── Excerpted records
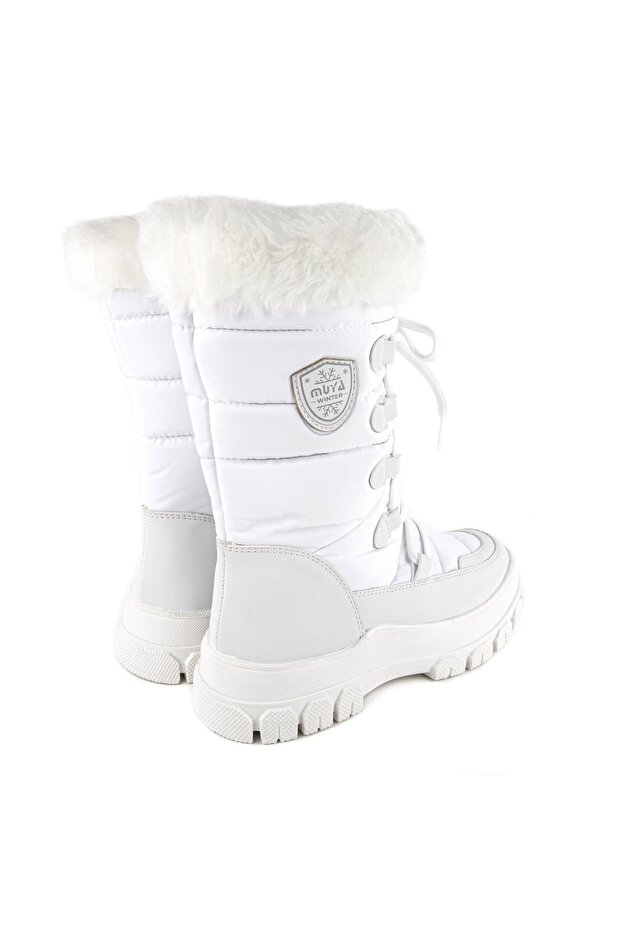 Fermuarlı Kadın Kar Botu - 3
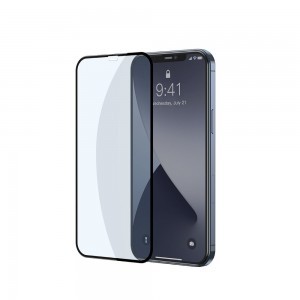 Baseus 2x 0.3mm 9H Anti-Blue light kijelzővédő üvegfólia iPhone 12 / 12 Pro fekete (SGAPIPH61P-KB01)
────
── Excerpted records
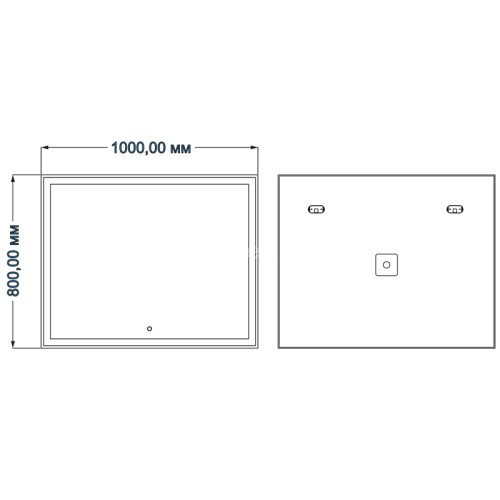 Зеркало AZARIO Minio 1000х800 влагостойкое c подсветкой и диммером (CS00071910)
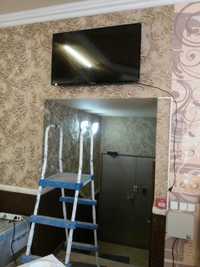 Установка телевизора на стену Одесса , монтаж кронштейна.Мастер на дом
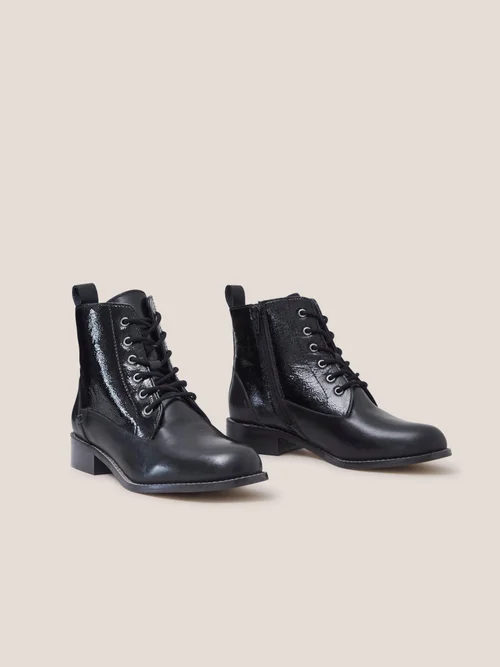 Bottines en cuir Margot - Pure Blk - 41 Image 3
────
── Excerpted records
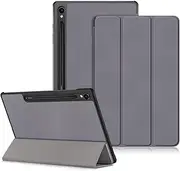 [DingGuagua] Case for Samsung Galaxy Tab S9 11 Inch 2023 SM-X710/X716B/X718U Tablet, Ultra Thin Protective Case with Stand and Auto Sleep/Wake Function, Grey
────
» **About this exercise**: Pictures in the material above should be skipped; print exactly the lines from the one with "Fermuarlı Kadın Kar Botu - 3" through the one with "Baseus 2x 0.3mm".

» **Exercise output**:
 Fermuarlı Kadın Kar Botu - 3
 Baseus 2x 0.3mm 9H Anti-Blue light kijelzővédő üvegfólia iPhone 12 / 12 Pro fekete (SGAPIPH61P-KB01)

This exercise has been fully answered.